Calls for London to be given more powers got a further boost today by a report which says that giving cities the ability to control tax and immigration would boost economic growth in the UK to the tune of £79bn by 2030.
The RSA City Growth Commission has recommended the government puts in place legislation to devolve more powers to cities by 2015, saying the current centralised economy is "not fit for purpose".
Boris Johnson has previously called for Stamp Duty on London property to be retained by the capital; while shadow London Minister (and Tooting MP) Sadiq Khan has been among those pressing hard for greater fiscal powers to the city. The London Finance Commission also reported back in May 2013 that the capital should have greater tax-raising powers.
Those arguing for London to have greater control over tax say that City Hall is facing an unprecedented challenge on school places, housing and other infrastructure — but the current property boom means stamp duty and other levies go to Whitehall for redistribution rather than being retained in the city to resolve these issues.
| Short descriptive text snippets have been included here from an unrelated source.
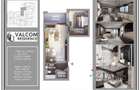 Valcom Residence Bartolomeu, Studio 2 camere, terasa 6.42, Comision 0% - 13
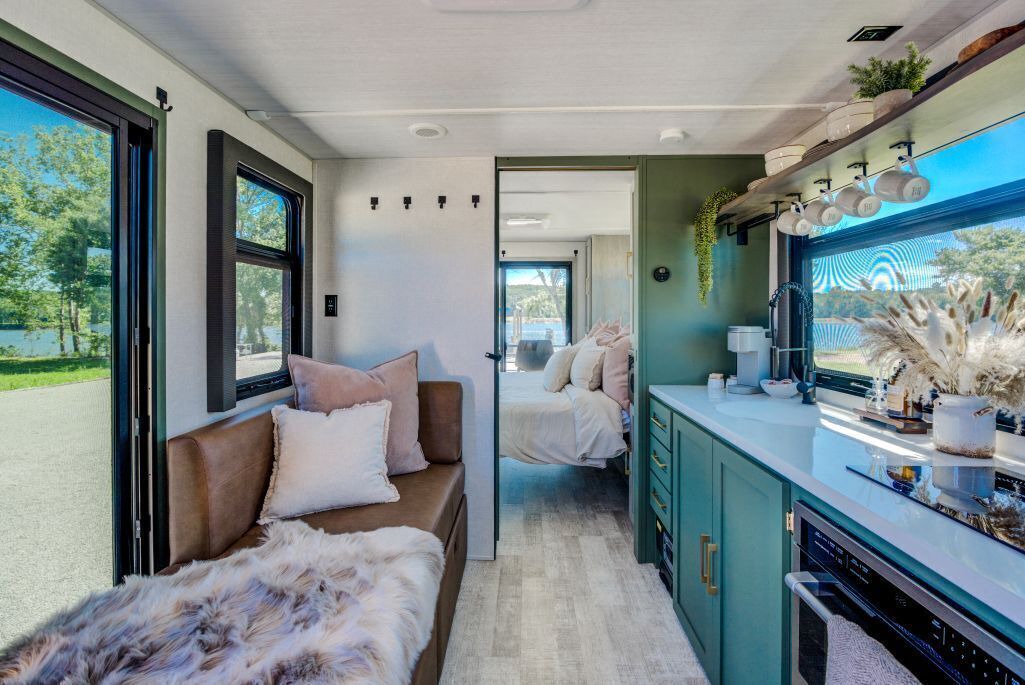Photo of Bedroom in Olivehill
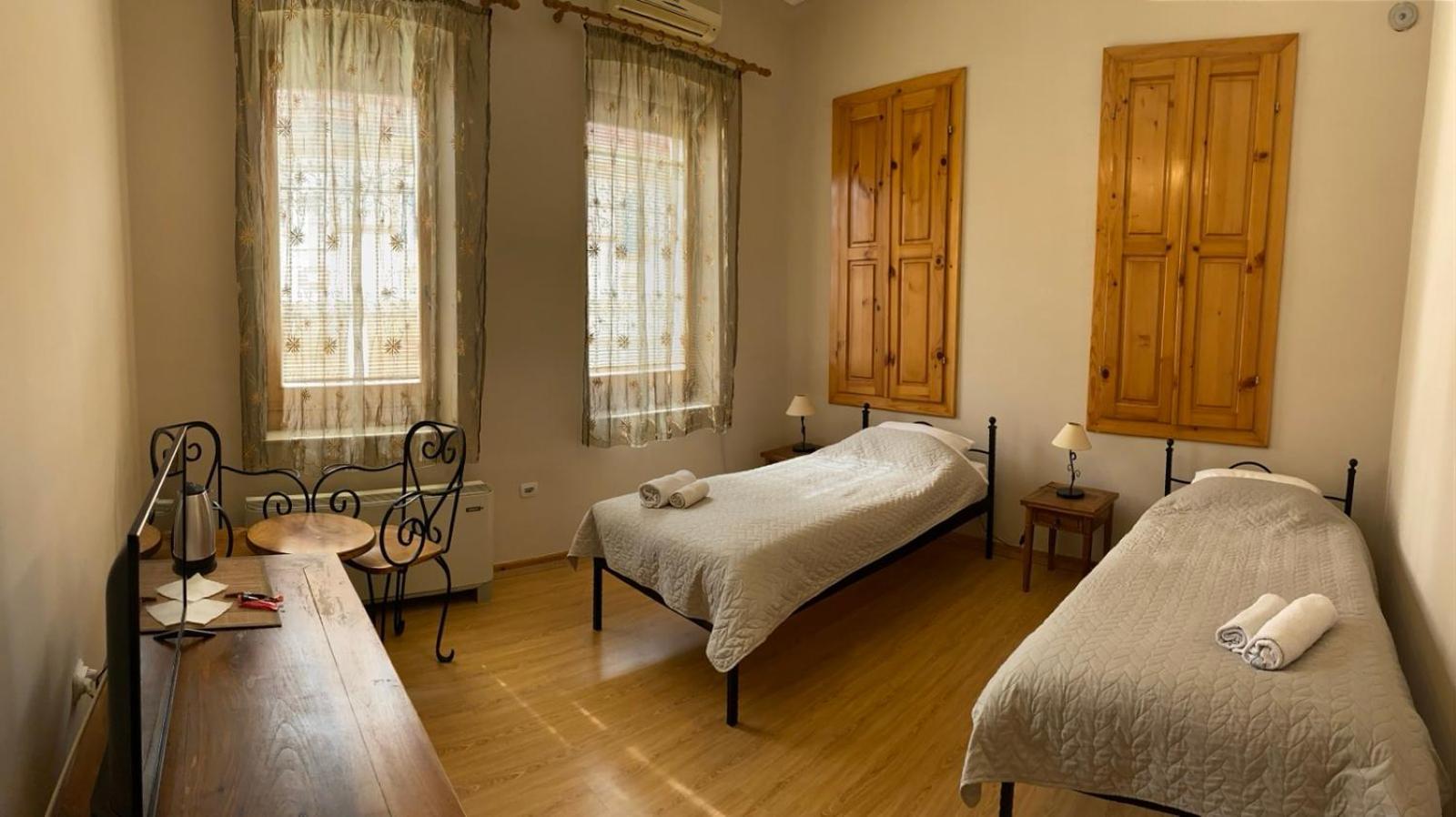 Chola Guest House Bitola Exterior foto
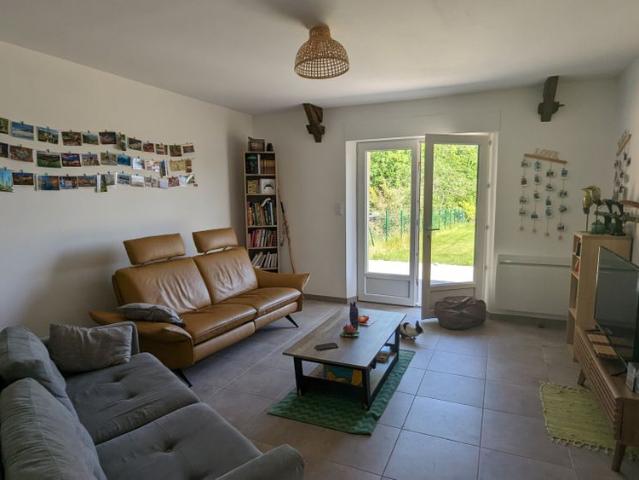 Maison location à Redon, Bretagne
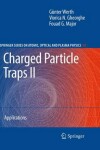 Book cover for Charged Particle Traps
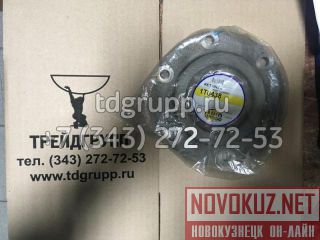 1T-0438  Caterpillar D8R 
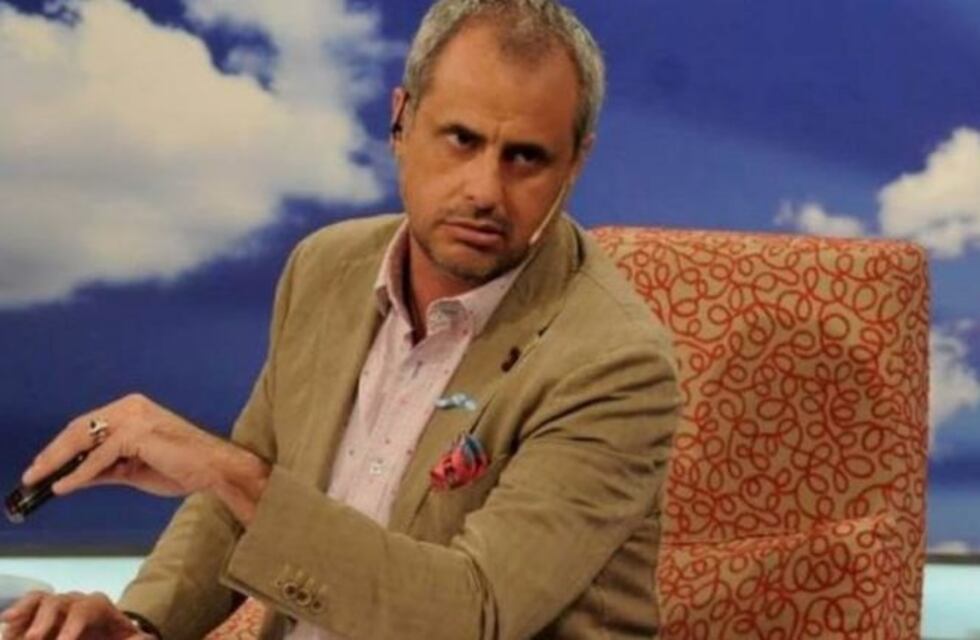 Cayeron los motochorros que asaltaron a Jorge Rial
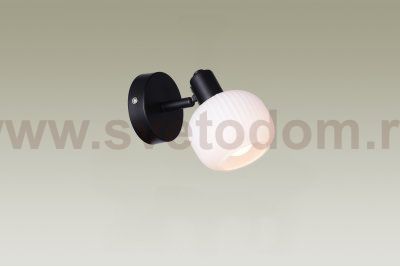 Спот Moderli V3030-1W Katrin 1*E14*40W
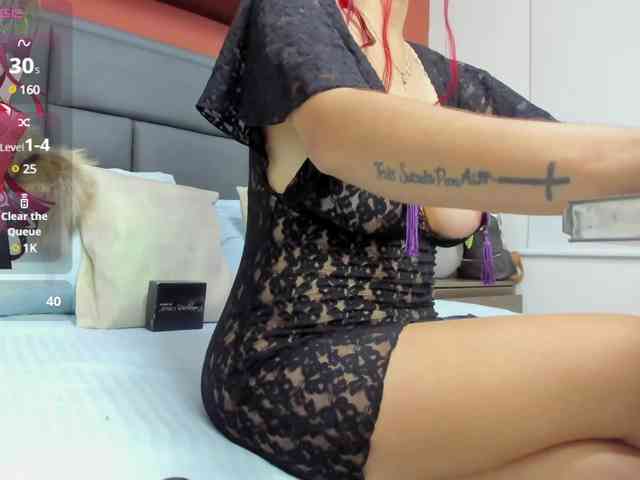 zoe-williams1 webcam
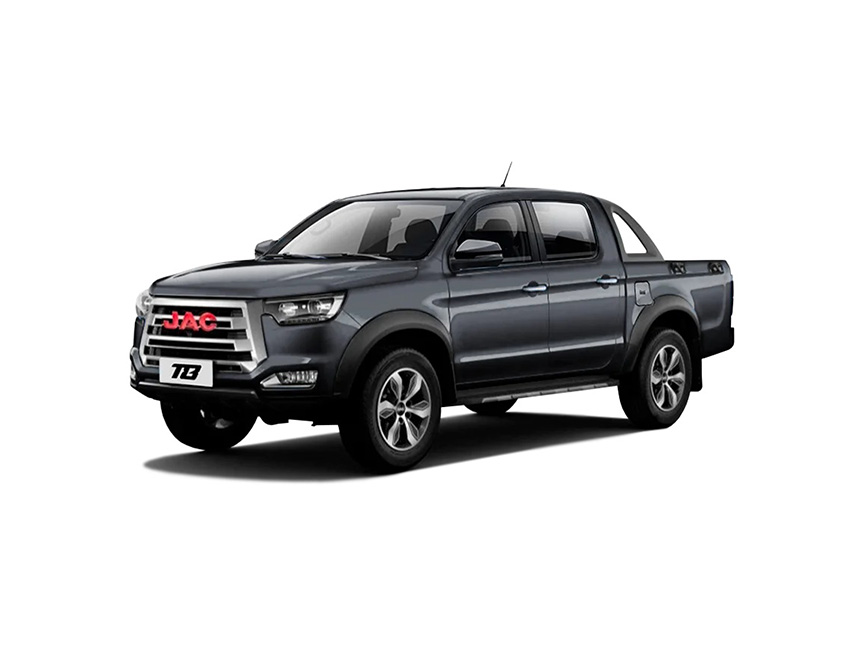 JAC T8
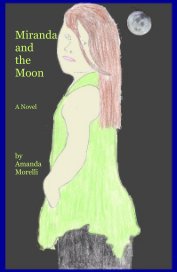 Miranda and the Moon book cover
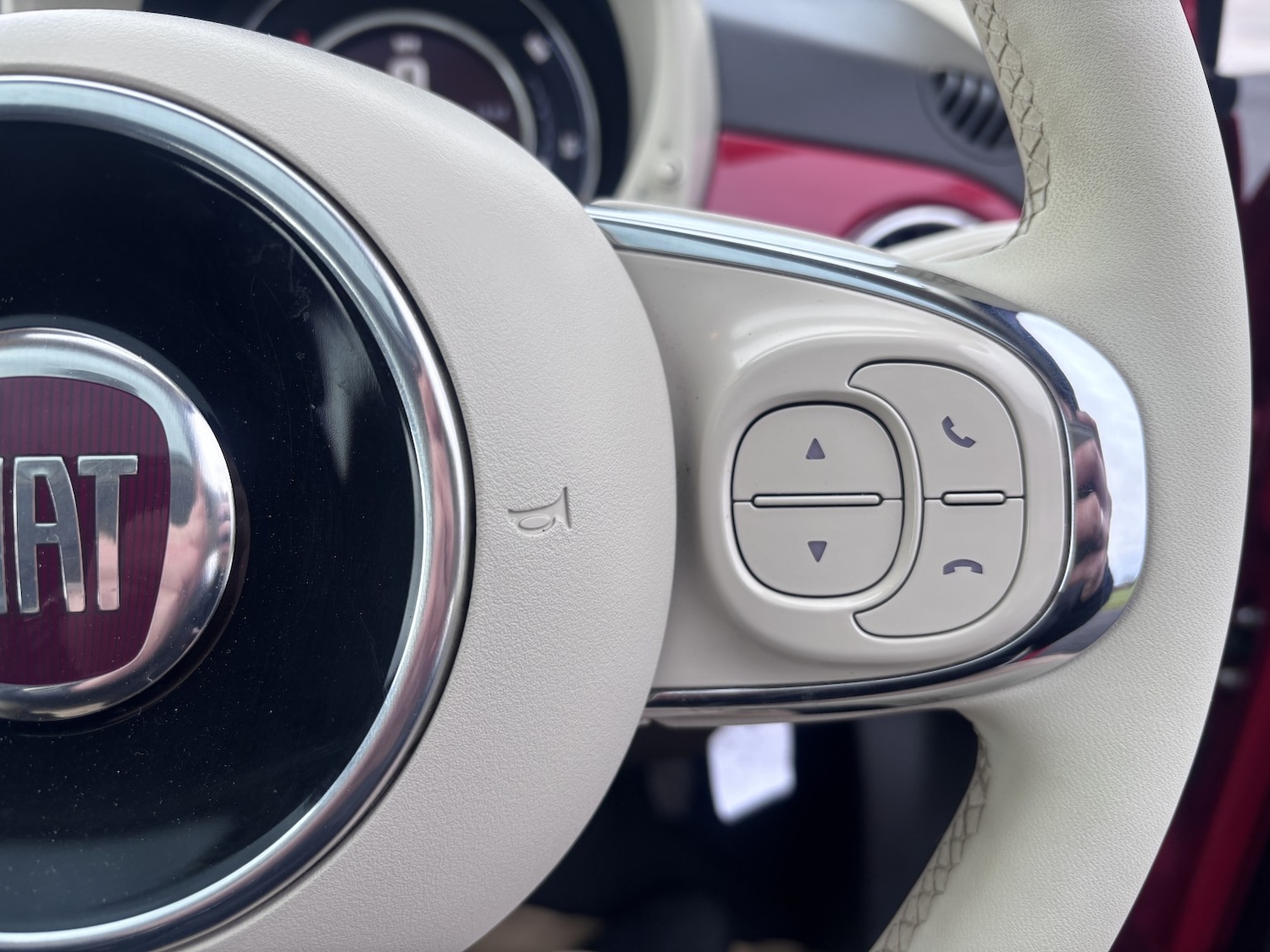 Used Fiat 500 2022 for sale - 77173039: Photo 26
Giving more control over duty means City Hall would be able to raise or lower taxes in order to control city growth more effectively; preventing overheating or stimulating growth, it is claimed.
City Growth Commission chairman and leading economist Jim O'Neill, told BBC Radio's Today programme that the report has the backing of Chancellor George Osborne, and that he would be "surprised" if some of its recommendations were not adopted in the Autumn Statement.